Stephen Wershing is the president of The Client Driven Practice and spent 14 years as a broker-dealer executive, chief operating officer of a national independent firm and president of a regional firm.
He coaches financial advisers on how to make client referral marketing plans and is the author of “Stop Asking for Referrals: A Revolutionary New Strategy for Building a Financial Service Business that Sells Itself” (McGraw-Hill, 2012).
Q. What is the biggest mistake advisers make when it comes to referrals?
A. The biggest mistake is asking for them. The most important thing to keep in mind is that clients make referrals because they get benefits from that. Scott Degaffenreid [of N2Millennials Inc.] published a social-network analysis that studied referral behavior, and what it comes down to is that the reason people make referrals is because it improves their standing in the eyes of their peers. They want to be the resource guy and help them. What's unusual about financial advisers is that we're the ones who don't know that, and we need to know it more than most people in other businesses do. We are an event-driven industry … with events that happen only once in a long while. The fundamental concept of referrals is preparing your clients to refer you when that event occurs. So that depends on how well you can define niche and service that niche.

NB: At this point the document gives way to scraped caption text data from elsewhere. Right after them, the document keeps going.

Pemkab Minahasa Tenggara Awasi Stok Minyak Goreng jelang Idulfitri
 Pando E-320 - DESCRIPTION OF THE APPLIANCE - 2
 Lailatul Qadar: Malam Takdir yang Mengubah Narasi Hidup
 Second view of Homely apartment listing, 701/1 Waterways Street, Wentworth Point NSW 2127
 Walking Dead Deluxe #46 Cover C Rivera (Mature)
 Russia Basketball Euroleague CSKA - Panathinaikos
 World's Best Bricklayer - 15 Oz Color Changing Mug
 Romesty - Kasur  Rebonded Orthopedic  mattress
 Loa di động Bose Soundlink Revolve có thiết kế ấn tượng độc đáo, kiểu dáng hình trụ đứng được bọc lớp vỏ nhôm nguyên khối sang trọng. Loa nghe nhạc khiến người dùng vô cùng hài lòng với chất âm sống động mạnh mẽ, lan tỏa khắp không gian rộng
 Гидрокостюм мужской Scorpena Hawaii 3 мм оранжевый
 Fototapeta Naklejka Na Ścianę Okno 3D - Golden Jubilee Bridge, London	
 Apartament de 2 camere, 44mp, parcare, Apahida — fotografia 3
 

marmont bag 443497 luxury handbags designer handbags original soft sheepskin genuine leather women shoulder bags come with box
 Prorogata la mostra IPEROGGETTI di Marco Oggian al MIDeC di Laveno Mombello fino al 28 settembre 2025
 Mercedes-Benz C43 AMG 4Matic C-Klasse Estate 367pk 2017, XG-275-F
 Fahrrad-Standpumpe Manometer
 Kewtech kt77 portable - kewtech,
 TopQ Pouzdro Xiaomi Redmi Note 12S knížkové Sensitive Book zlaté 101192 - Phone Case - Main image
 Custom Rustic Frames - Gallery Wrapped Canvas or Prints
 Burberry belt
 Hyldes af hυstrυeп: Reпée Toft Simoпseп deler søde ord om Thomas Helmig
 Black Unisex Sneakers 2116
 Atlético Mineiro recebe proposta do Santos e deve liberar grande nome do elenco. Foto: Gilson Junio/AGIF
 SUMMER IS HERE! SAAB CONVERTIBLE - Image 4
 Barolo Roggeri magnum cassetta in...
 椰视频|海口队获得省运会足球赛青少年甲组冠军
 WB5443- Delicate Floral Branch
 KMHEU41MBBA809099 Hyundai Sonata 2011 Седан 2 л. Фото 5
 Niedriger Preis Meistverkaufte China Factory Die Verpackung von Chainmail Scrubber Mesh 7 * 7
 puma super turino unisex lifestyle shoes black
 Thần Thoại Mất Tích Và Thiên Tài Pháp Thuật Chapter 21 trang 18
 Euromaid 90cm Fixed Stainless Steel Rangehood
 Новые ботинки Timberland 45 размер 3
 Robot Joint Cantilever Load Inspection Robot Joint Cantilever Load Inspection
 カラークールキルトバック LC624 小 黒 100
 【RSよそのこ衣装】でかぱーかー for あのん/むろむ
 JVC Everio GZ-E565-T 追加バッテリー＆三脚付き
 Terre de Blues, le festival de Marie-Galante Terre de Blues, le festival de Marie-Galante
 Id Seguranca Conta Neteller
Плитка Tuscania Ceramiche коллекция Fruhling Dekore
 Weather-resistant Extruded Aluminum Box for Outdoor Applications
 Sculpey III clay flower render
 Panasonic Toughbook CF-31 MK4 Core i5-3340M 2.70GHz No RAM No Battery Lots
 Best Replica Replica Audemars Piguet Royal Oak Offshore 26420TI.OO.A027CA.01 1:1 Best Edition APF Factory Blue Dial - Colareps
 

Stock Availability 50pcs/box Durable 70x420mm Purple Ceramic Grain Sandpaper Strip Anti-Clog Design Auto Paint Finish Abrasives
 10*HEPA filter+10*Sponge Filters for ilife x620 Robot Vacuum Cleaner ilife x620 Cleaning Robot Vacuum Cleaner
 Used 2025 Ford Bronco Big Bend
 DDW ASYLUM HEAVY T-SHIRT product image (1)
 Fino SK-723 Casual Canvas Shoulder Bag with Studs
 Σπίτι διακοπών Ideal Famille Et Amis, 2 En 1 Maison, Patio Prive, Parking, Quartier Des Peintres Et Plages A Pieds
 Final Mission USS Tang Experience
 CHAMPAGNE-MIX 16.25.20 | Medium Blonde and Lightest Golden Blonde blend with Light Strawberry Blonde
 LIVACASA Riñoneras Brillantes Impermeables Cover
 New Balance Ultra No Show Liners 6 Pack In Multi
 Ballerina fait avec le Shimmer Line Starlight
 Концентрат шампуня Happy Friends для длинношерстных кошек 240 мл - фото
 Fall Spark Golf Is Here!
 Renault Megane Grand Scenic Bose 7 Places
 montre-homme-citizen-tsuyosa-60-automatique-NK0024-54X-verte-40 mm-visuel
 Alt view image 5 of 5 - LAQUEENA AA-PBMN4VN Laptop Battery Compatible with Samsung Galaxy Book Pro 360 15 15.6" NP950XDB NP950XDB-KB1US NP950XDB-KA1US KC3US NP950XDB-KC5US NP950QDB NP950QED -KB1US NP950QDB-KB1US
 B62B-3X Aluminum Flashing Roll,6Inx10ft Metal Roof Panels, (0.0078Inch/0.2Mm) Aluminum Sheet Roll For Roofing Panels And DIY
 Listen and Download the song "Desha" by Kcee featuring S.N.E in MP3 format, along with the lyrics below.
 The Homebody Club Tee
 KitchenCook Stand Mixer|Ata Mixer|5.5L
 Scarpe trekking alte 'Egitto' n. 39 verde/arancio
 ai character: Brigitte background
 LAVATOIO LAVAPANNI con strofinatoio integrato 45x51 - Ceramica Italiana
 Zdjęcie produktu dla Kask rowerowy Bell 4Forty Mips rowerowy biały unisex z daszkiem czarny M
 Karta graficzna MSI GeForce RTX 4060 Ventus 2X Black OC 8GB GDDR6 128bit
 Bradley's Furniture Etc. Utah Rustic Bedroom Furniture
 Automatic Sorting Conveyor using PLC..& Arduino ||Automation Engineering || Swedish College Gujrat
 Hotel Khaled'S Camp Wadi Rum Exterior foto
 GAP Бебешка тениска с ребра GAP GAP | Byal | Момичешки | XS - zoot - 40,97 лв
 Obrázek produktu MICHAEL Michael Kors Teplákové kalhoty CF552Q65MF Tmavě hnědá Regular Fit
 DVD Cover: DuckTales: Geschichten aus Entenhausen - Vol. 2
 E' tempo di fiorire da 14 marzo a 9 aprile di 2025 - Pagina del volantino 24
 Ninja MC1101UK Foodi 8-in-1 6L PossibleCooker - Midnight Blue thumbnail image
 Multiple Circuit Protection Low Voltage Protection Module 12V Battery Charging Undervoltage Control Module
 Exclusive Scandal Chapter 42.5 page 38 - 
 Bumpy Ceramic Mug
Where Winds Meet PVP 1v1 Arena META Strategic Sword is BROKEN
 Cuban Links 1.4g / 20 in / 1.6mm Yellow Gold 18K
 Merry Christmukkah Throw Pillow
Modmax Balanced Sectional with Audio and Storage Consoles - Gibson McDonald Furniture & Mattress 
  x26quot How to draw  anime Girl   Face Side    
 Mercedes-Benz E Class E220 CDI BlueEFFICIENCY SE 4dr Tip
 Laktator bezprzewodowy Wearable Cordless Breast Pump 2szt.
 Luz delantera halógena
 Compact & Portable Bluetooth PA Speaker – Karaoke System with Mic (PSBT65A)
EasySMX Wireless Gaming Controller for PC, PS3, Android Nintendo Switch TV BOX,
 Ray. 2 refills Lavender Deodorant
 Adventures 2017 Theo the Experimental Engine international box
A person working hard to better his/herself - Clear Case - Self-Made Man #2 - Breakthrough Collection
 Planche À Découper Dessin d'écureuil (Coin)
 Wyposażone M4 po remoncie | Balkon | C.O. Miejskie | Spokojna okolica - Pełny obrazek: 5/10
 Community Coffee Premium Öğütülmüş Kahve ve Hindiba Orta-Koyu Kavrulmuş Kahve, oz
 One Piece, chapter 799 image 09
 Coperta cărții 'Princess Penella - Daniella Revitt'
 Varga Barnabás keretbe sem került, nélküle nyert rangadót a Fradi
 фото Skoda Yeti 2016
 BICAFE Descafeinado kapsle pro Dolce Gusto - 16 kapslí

Q. How should advisers build a niche?
A. When we think about a niche, we tend to think in terms of demographics and profession and investible assets. Fundamentally, those aren't niches. My favorite one is women, which is really popular right now. That is not a niche; that's a population. When we start looking at ages and demographics, it leads us off the track. We should think about niche in terms of a need felt by a small portion of a population. Once you understand what that is, it may be applicable to a certain profession or age group, but you have to back your way into there. For instance, corporate executives have peculiar needs the rest of us don't have: large stock option rewards, complex employment agreements. But rather than say your niche is corporate executives, talk about those other needs.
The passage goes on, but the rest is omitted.